Home Aerospace IXPE makes first magnetic white dwarf measurement.

IXPE makes first magnetic white dwarf measurement.

by BDR Staff

NASA’s IXPE mission has, for the first time, measured a white dwarf star, using its unique X-ray polarimetry to map the high-energy geometry of an “intermediate polar” system known as EX Hydrae. Located about 200 light-years away, this binary system features a white dwarf—an Earth-sized stellar remnant as massive as the Sun—locked in a dynamic dance with a companion star.

Gas from the companion star spirals toward the white dwarf, forming an accretion disk. However, the white dwarf’s magnetic field, while not overwhelmingly strong, is powerful enough to disrupt this flow, pulling some material directly toward its magnetic poles. This creates a chaotic, superheated environment where infalling matter slams into the star’s surface at millions of degrees, generating intense X-rays.

For nearly a week in 2024, IXPE trained its instruments on EX Hydrae. Its special capability to measure the polarization of X-rays—essentially the orientation of their light waves—allowed astronomers to deduce physical structures far too small to be seen directly through imaging.

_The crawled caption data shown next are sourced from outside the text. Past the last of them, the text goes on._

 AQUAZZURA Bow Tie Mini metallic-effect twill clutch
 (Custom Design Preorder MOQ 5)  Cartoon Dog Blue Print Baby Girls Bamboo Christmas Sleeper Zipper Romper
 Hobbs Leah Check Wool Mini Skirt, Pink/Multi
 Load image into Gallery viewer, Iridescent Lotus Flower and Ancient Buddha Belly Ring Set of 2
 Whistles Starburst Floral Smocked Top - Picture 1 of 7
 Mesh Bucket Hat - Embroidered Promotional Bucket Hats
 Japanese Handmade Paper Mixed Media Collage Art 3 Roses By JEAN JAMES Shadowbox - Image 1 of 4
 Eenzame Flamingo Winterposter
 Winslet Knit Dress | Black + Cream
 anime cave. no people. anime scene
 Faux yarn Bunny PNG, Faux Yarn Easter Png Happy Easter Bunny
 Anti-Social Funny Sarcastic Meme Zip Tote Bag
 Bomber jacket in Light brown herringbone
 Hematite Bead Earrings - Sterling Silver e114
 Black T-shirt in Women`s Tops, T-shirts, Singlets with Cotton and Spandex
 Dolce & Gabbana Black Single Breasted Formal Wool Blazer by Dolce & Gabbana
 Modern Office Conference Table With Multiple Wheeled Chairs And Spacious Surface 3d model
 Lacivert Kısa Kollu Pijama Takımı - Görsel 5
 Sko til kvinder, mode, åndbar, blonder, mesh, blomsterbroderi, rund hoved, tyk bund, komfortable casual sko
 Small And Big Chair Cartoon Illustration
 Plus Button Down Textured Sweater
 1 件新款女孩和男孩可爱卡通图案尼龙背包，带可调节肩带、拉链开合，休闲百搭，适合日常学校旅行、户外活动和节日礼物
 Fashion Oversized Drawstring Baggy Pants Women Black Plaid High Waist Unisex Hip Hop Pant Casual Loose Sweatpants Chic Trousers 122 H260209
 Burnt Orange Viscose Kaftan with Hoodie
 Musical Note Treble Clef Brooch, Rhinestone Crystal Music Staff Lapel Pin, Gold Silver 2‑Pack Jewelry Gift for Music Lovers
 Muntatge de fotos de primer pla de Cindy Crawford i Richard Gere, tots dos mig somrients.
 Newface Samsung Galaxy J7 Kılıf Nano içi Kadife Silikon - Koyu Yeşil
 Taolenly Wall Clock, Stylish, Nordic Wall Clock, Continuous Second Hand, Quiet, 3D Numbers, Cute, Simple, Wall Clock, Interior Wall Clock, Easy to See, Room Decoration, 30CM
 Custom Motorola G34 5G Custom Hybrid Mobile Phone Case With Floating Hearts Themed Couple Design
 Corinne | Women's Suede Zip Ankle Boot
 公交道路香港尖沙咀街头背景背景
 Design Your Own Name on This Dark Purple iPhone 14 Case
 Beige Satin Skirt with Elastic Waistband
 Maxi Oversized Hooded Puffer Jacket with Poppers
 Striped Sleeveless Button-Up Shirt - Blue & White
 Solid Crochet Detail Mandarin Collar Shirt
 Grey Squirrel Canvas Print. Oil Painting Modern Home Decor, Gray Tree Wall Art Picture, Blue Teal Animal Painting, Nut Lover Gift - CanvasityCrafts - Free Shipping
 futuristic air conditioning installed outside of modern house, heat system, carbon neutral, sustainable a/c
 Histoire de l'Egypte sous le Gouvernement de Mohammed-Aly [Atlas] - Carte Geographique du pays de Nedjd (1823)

The key finding, led by researchers at MIT and published in The Astrophysical Journal, was a precise measurement of the “accreting column” of hot gas above the white dwarf’s surface. “IXPE’s polarimetry allowed us to measure the height of this column to be almost 2,000 miles high, with fewer assumptions than past methods required,” explained lead author Sean Gunderson. The data also suggested the observed X-rays likely scattered off the white dwarf’s own surface, a detail crucial for modeling the system.

This breakthrough demonstrates how polarimetry can “see” the intricate details of cosmic accelerators. By revealing how matter behaves in the extreme magnetic environment of EX Hydrae, IXPE provides a new template for understanding the broader class of energetic binary systems, where white dwarfs, neutron stars, or black holes devour material from a stellar neighbor.